Тут иностранец отколол такую штуку: встал и пожал изумленному редактору руку, произнеся при этом слова:
– Позвольте вас поблагодарить от всей души!» [Б., Т.5, с. 10–11]
Здесь критики обычно обвиняют Берлиоза в сознательном вранье: «большинство населения» Советской России 1920-х—1930-х гг. (это показала перепись 1937 г.) были людьми верующими. Далее анализ этой сцены чаще всего сводится к уличению Берлиоза во лжи и безграмотности[189]. Надо, однако, заметить, что Булгаков мог и не знать результатов переписи 1937 г., так как она была признана «дефектной» и материалы ее не были опубликованы, а в переписи 1939 г. пункта о вероисповедании уже не было. Но важнее другое: подобная интерпретация неоправданно сужает семантическое поле сцены и всего романа. Неужели стал бы дьявол являться в Москву для того главным образом, чтобы обличить Берлиоза во вранье, а затем вселиться в его квартиру? А между тем программа посещения Москвы у Воланда, судя по всему, не только продуманна и спланирована, но и имеет весьма серьезное обоснование. Ведь цель этого «визита» – проведение ежегодного Великого бала сатаны в ночь весеннего полнолуния[190]. Событие это сакральное, вселенского масштаба и имеет свои традиции, в частности, королевой бала должна быть уроженка места проведения бала. А вот место …

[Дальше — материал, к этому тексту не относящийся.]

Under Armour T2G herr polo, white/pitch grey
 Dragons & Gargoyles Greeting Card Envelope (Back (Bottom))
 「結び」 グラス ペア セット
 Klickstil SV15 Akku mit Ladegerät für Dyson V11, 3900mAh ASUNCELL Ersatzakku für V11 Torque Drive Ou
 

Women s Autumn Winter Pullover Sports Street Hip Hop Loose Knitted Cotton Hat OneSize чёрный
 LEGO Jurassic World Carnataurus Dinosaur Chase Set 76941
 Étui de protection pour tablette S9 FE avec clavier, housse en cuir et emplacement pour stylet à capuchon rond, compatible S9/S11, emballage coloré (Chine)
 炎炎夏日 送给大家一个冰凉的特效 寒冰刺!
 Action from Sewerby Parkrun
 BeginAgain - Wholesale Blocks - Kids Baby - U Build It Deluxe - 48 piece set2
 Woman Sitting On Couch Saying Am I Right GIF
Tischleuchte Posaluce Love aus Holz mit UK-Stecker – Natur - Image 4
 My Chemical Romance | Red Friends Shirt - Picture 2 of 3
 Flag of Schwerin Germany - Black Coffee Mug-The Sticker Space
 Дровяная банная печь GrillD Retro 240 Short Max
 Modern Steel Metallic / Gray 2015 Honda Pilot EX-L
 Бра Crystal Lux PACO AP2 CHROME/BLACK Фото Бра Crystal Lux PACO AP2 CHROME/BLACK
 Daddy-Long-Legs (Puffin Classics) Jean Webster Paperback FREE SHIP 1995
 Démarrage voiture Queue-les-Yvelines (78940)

Оно не может быть случайным. Подсказку того, каков был критерий выбора места, дает сцена «на каменной террасе» [Б., Т.5, с.348] бывшей Румянцевской библиотеки. На замечание Воланда о Москве: «Какой интересный город, не правда ли?» Азазелло почтительно возражает: «Мессир, мне больше нравится Рим!» [Б., Т.5, с.349]. Очевидно, что в подтексте диалога лежит известная православно-патриотическая формула: «Москва – третий Рим, четвертому Риму не быть». Соответственно, просматривается аналогия: как Священная Римская империя, расколовшаяся на два центра христианства – Византию и католический Рим, – была порабощена дьяволом, так сегодня пала, покорившись дьяволу, и лежащая у ног его Москва – центр православия. Вполне логично, что местом своего ежегодного торжества сатана, в ознаменование очередной победы, избрал сердце бывшей Святой Руси.
Булгаков нарисовал в своем романе не картину общественно-бытовой жизни России 1920-х—1930-х гг., но воссоздал ситуацию мифолого-аллегорическую. Не случайно в 1960-е гг., когда роман впервые увидел свет, у советского читателя эта сцена никаких сомнений в ее достоверности не вызывала, а воспринималась как вполне актуальная едкая сатира на господствующую атеистическую идеологию. К тому времени и в самом деле можно было «в каждом окне увидеть по атеисту» [Б., Т.5, с.13]. Так что, если Булгаков отчасти и пренебрег фактами, зато это позволило ему увидеть явление, выражаясь словами Достоевского, «в его началах и концах».